> _Aim of the task_
Search the entries below for "Chapter", and copy each line where it appears.

Data items

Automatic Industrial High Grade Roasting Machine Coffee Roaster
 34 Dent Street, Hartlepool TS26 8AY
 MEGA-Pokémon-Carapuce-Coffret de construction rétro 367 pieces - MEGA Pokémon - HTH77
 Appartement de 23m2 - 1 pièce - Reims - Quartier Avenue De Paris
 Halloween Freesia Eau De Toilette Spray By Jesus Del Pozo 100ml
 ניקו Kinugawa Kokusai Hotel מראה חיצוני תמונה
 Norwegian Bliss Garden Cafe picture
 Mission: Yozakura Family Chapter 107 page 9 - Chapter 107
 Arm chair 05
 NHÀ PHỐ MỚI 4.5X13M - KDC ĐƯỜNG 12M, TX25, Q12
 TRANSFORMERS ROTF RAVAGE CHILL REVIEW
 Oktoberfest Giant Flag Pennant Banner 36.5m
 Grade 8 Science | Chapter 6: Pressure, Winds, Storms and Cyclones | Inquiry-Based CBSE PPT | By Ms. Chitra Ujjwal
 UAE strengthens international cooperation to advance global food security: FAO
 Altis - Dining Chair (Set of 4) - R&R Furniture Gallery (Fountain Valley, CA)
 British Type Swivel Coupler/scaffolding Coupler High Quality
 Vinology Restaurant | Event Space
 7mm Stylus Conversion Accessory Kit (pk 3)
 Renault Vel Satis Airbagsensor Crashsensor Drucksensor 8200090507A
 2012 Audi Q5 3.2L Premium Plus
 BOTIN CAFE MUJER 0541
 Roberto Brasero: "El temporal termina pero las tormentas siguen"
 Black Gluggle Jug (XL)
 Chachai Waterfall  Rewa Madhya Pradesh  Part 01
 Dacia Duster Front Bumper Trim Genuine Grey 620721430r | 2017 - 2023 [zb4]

> _Finished exercise_
 Mission: Yozakura Family Chapter 107 page 9 - Chapter 107
 Grade 8 Science | Chapter 6: Pressure, Winds, Storms and Cyclones | Inquiry-Based CBSE PPT | By Ms. Chitra Ujjwal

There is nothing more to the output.